**Aim of the exercise:**
Set down exactly the lines below, starting at the one that contains "Fitanu Irine W 92800622277 snow boots" and ending at the one that contains "Кроссовки Adidas модель IH2883-KZ Фото", with both of those lines included and nothing else.

**Available data:**
=====
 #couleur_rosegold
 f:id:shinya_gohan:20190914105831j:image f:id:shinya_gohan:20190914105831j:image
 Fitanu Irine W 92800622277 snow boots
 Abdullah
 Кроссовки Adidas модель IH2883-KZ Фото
=====
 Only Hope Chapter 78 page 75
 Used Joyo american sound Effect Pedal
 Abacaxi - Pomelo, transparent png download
=====
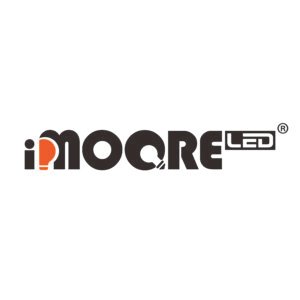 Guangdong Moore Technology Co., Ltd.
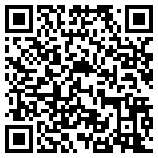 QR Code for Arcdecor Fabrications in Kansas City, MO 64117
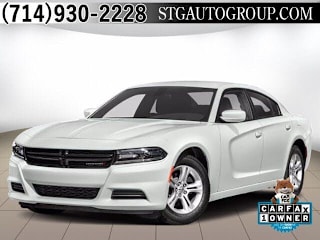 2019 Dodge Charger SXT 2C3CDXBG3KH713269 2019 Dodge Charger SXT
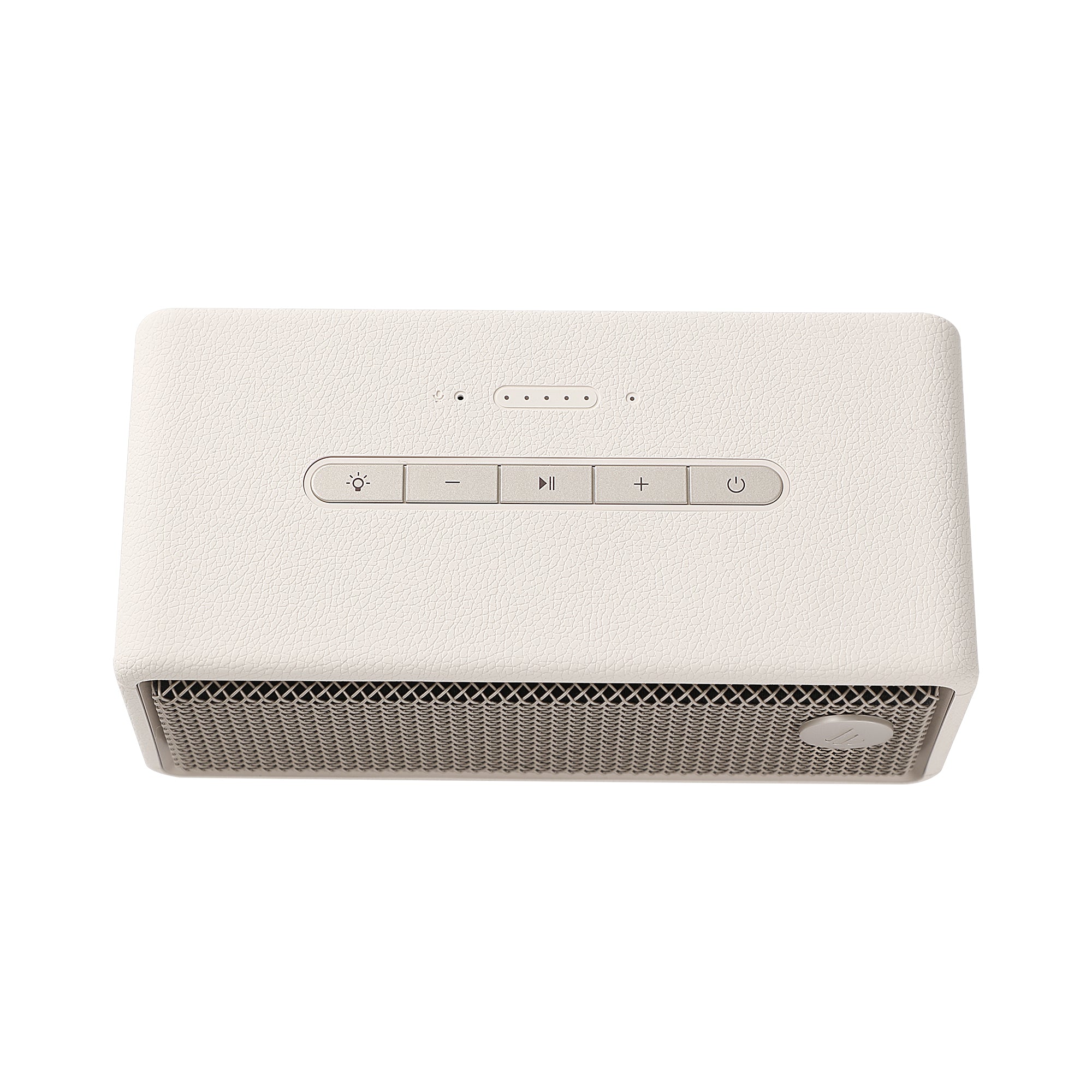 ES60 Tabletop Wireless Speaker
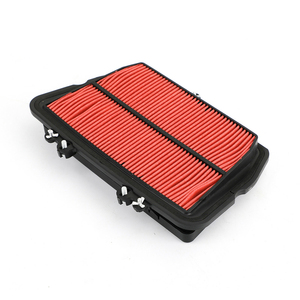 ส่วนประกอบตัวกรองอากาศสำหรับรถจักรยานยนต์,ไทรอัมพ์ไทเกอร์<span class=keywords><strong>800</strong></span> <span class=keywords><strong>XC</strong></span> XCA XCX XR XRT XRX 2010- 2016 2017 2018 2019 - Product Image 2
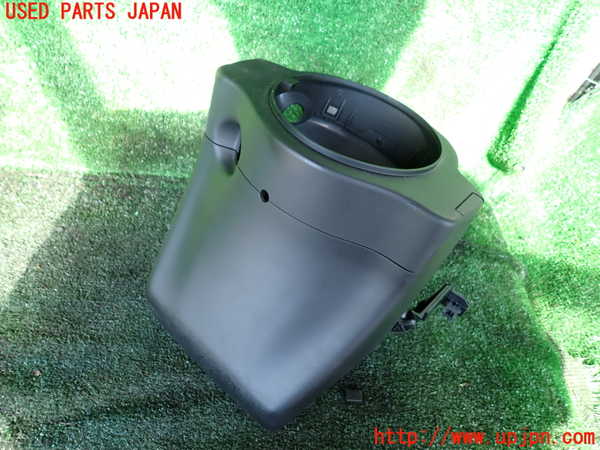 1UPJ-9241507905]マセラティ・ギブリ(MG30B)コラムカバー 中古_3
=====
**Reply:**
 Fitanu Irine W 92800622277 snow boots
 Abdullah
 Кроссовки Adidas модель IH2883-KZ Фото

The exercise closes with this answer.